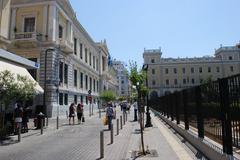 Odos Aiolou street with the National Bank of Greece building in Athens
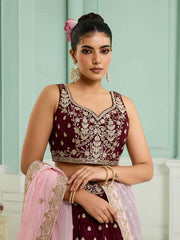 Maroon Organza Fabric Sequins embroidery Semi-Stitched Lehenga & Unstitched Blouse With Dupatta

---

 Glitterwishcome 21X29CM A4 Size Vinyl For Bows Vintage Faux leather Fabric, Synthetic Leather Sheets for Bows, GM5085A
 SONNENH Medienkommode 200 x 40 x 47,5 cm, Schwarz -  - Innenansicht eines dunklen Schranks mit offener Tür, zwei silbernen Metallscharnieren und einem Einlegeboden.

--

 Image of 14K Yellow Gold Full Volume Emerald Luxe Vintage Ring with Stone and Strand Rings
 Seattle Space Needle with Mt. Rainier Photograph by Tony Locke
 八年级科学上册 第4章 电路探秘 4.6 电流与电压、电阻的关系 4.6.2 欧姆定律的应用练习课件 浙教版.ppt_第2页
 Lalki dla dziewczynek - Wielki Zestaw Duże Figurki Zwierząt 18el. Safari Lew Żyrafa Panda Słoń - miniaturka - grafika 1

*EXERCISE BRIEF*: In the listing above, find the line containing "Odos Aiolou street" and the line containing "Maroon Organza Fabric". Print those two lines and every line between them exactly, with no pictures.

*TASK RESPONSE*:
 Odos Aiolou street with the National Bank of Greece building in Athens
 Maroon Organza Fabric Sequins embroidery Semi-Stitched Lehenga & Unstitched Blouse With Dupatta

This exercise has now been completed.